Bank Debt. The Company’s current banking relationship, established in March 2002, is with American National Bank (the Bank), located in Denver, Colorado. Effective January 3, 2006 Basic and the Bank amended the existing loan agreement to increase the line of credit amount from $1,000,000 to $20,000,000 with a concurrent borrowing base increase from $1,000,000 to $4,000,000. Also, the maturity date of the loan was extended for one year to December 31, 2007. The interest rate at March 31, 2006 is the prime rate plus 0.25% compared to prime plus 2% at March 31, 2005. Basic’s effective annual interest rate was 8.00% and 7.75% at March 31, 2006 and 2005, respectively. See Note 5 to the Consolidated Financial Statements for a more detailed discussion of the Company’s bank credit facility.
During both the years ended March 31, 2006 (2006) and March 31, 2005 (2005) Basic utilized its credit facility to fund portions of its drilling program and incurred interest charges of $7,000 and $1,000, respectively.
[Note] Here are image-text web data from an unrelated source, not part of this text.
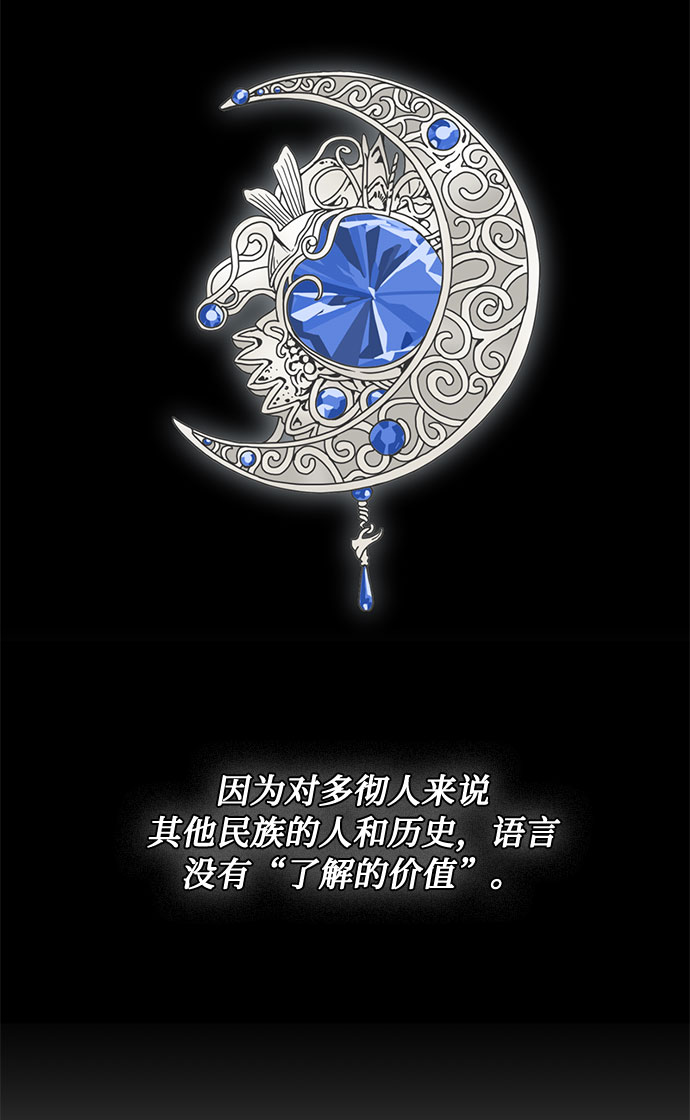 第32话 不眠之夜（3）54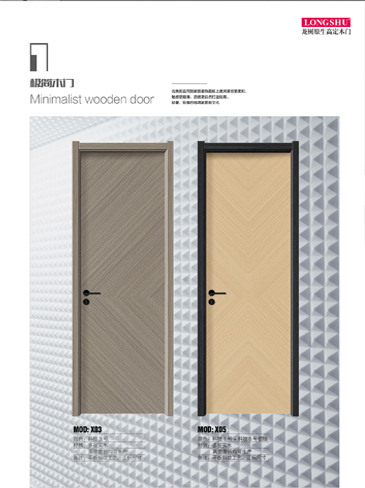 Ebpay干漆木门,Ebpay极简木门,Ebpay整屋门窗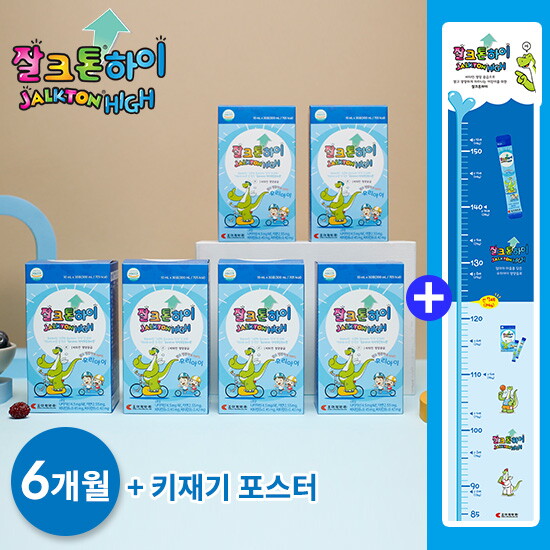 [잘크톤업][조아제약][6개월분]잘크톤 하이 초유 단백질 어린이 비타민 180포(6박스,1박스 30포) 약국정품 성장기 키즈 비타민 +키 재기 포스터 증정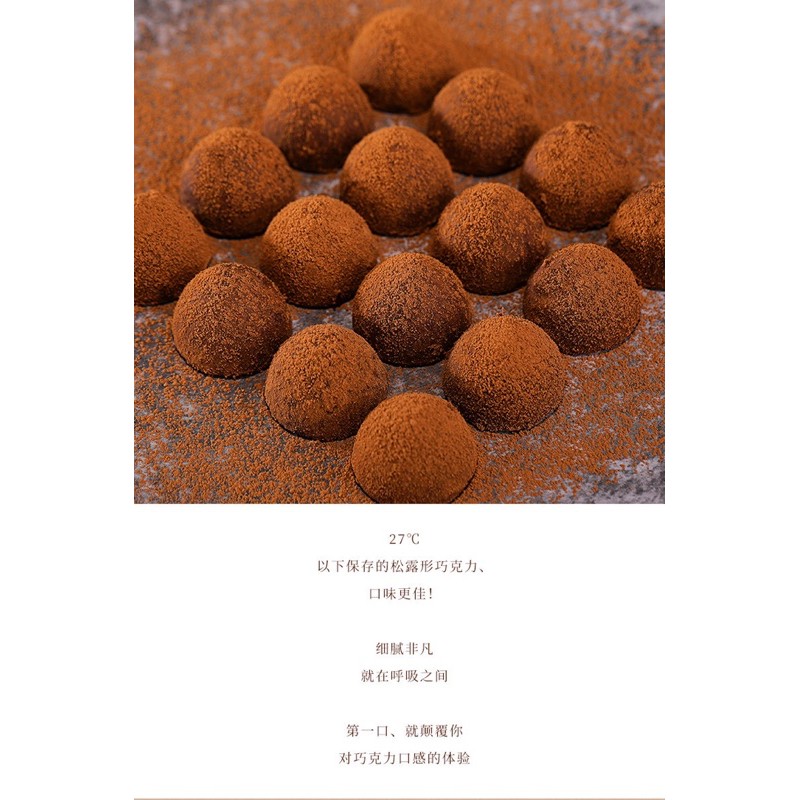 Sôcôla Nama truffles chocolate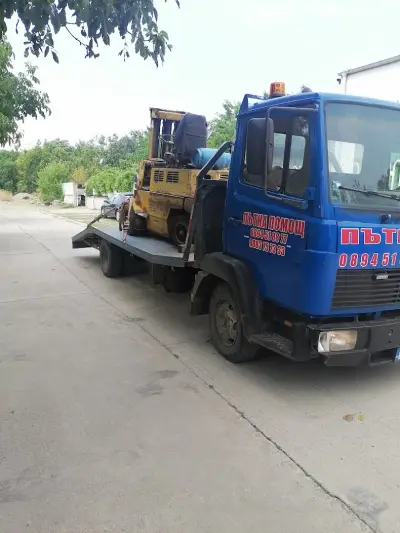 Пътна помощ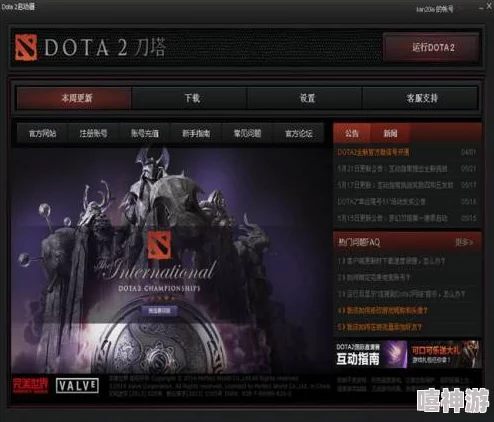 yw永不失联国际:用户评价揭示全球连接的重要性与信任塑造新局面 yw永不失联国际:用户评价揭示全球连接的重要性与信任塑造新局面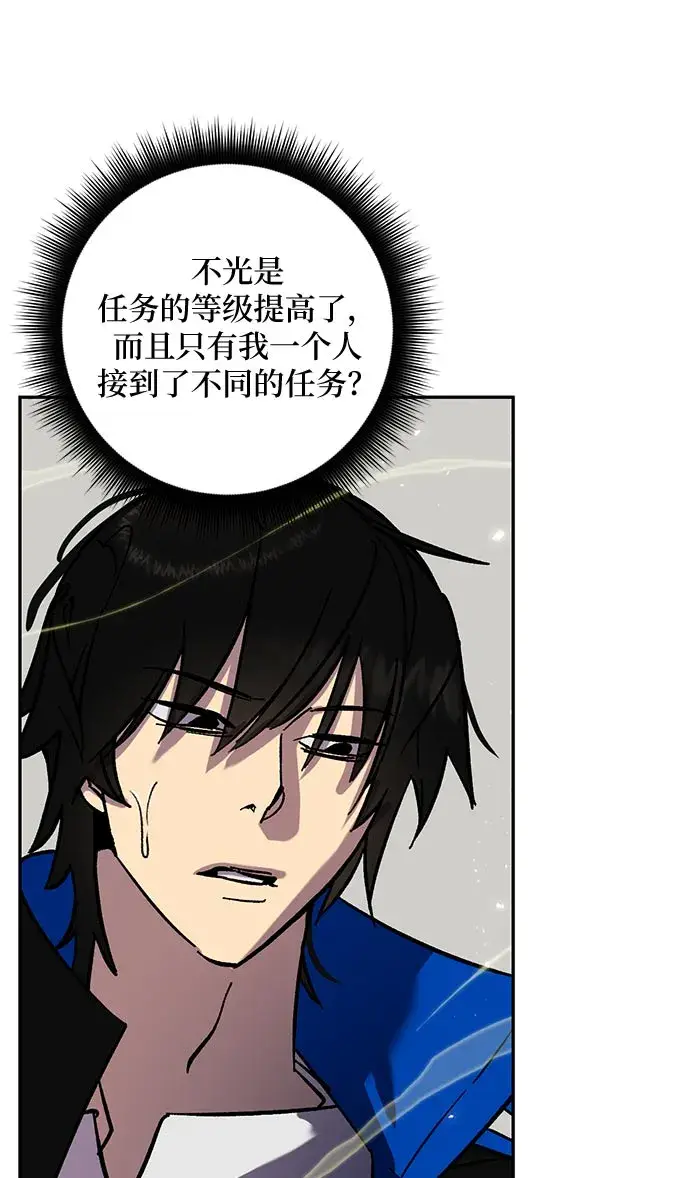 漫画《重生最强玩家》[第26话] 开始的变化（1）第32张图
On June 21, 2006 the Company had no outstanding principal balance on the line of credit with the entire $4,000,000 available for borrowing. If necessary, Basic may borrow funds to reduce payables, finance recompletion or drilling efforts, fund property acquisitions, or pursue other opportunities the Company cannot envision at this time.
Hedging. The Company periodically uses hedging techniques to limit its exposure to oil price fluctuations. Typically Basic will utilize either futures or option contracts. During 2006 and 2005 the Company did not participate in any hedging activities. The Company had no open futures or option contracts in place at either March 31, 2006 or March 31, 2005. Additional information concerning the Company’s hedging activities appears in Note 1 to the Consolidated Financial Statements.
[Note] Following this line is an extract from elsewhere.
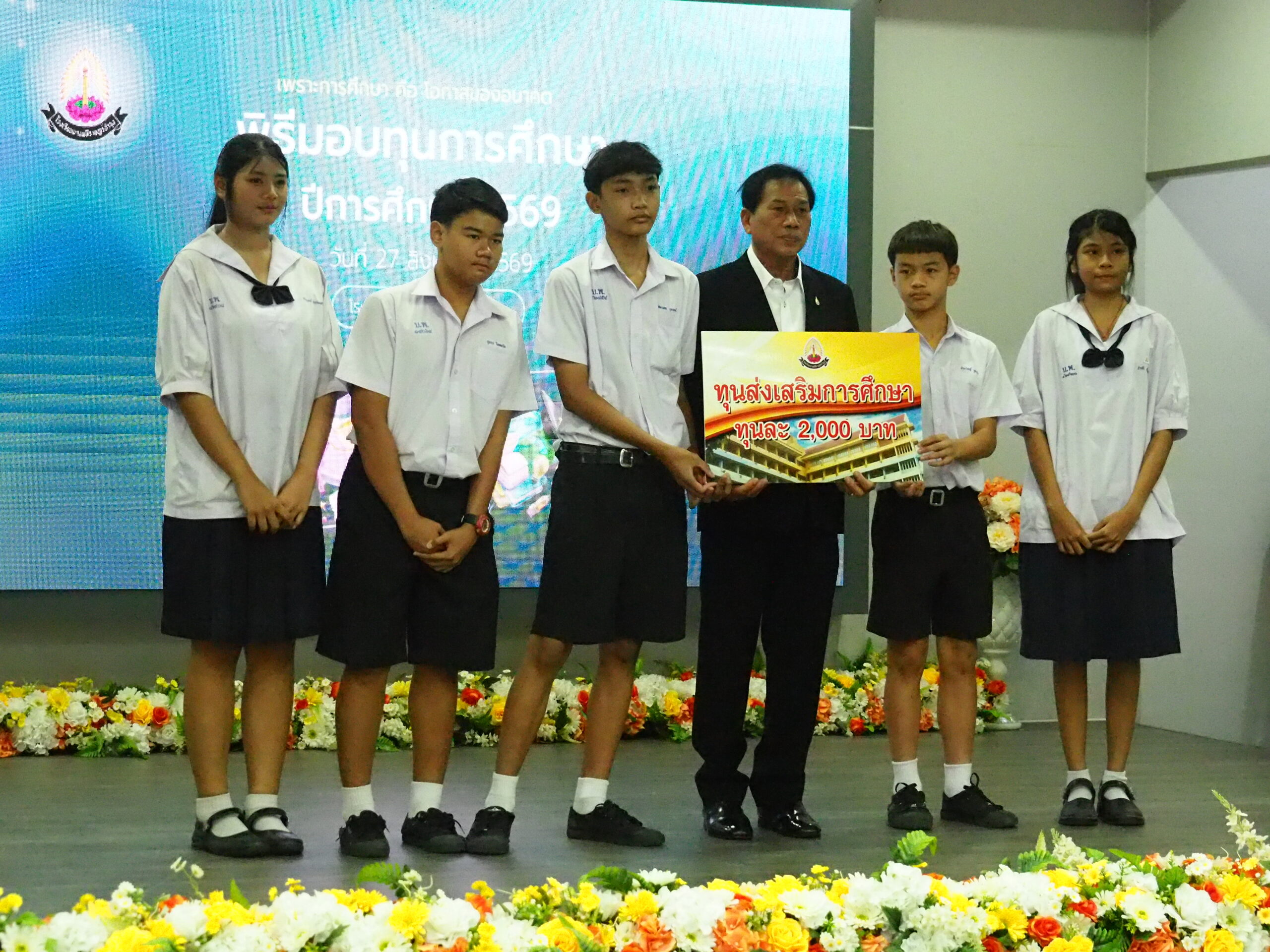 2026.08.27 วันพฤหัสบดี 13:24 ป้อม ปราการ พระราชวชิรคณาทร (เจ้าคุณแจ้) ดร.เจ้าอาวาสวัดบางพลีใหญ่กลาง มอบทุนส่งเสริมการศึกษา ประจำปีการศึกษา 2569 ให้แก่นักเรียนโรงเรียนบางพลีราษฎร์บำรุง จำนวน 223 คน วันที่ 27 กันยายน 2569 เวลา 10.00 น. ที่ห้องประชุม โรงเรียนบางพลีราษฎร์บำรุง ตำบลบางพลีใหญ่ อำเภอบางพลี จังหวัดสมุทรปราการ พระราชวชิรคณาทร (เจ้าคุณแจ้) ดร.เจ้าอาวาสวัดบางพลีใหญ่กลาง มอบหมายให้นายโสภณ มหาบุญ ไวยาวัจกรวัดบางพลีใหญ่กลาง เป็นตัวแทนมอบทุนส่งเสริมการศึกษา ประจำปีการศึกษา 2569 เพื่อจัดสรรทุนการศึกษาช่วยเหลือนักเรียนโรงเรียนบางพลีราษฎร์บำรุง จำนวน 223 ทุน ทุนละ 2,000 บาท รวมเป็นเงินทั้งสิ้น 446,000 บาท โดยมีนายวิสูตร ยอดสุข ผู้อำนวยการโรงเรียนบางพลีราษฎร์บำรุง กล่าวให้โอวาท พร้อมด้วยคณะผู้บริหาร คณะกรรมการสถานศึกษา คณะครู และนักเรียนโรงเรียนบางพลีราษฎร์บำรุง เข้าร่วมพิธี ****ปล่อยเสียง****นายวิสูตร ยอดสุข ผู้อำนวยการโรงเรียนบางพลีราษฎร์บำรุง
Working Capital. At March 31, 2006 the Company had a working capital surplus of $217,000 (a current ratio of 1.15:1) compared to a working capital surplus at March 31, 2005 of $574,000 (a current ratio of 1.38:1). Current assets declined $388,000 (19%) while current liabilities decreased $31,000 (2%). Current assets were primarily affected by the cash requirements needed to fund Basic’s expanded drilling program in 2006.
Cash Flow. As mentioned above, the Company’s primary source of funding is the cash flow from its operations. Cash provided by operating activities rose 17% from $2,576,000 in 2005 to $3,013,000 in 2006. This increase was primarily due to a combination of improved oil production and higher commodity prices.
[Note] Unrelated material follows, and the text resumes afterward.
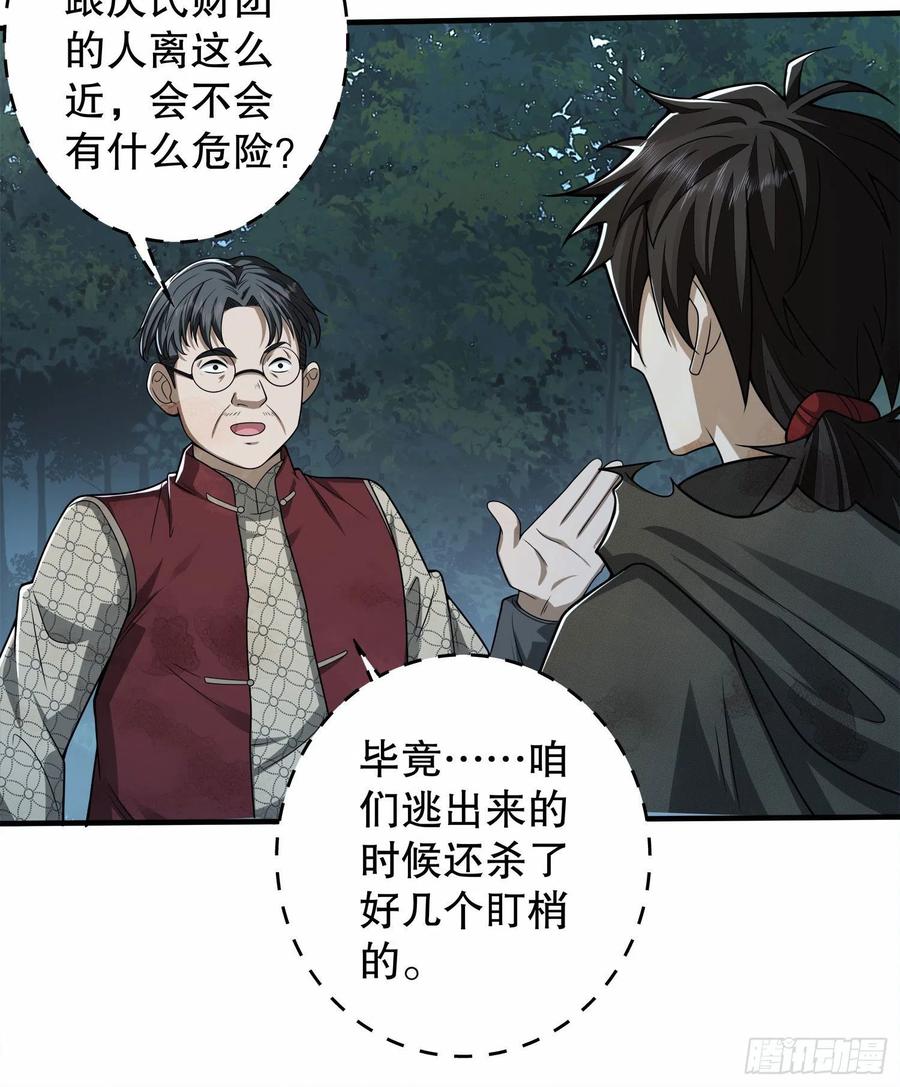 第一序列 第57话 57 西天在哪？ 第48页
Net cash used in investing activities increased 102% from $2,117,000 in 2005 to $4,281,000 in 2006. This increase reflects Basic’s commitment to its aggressive drilling program and underscores the Company’s emphasis on growth through exploratory and development drilling given the current pricing environment and the opportunities presented to the Company.
As the Company’s drilling and completion activity accelerated during the third and fourth quarters of 2006 Basic utilized debt financing to fund a portion of its short-term working capital needs. At March 31, 2006 the outstanding principal balance on its line of credit was $445,000. By June 21, 2006 this outstanding balance had been reduced to zero.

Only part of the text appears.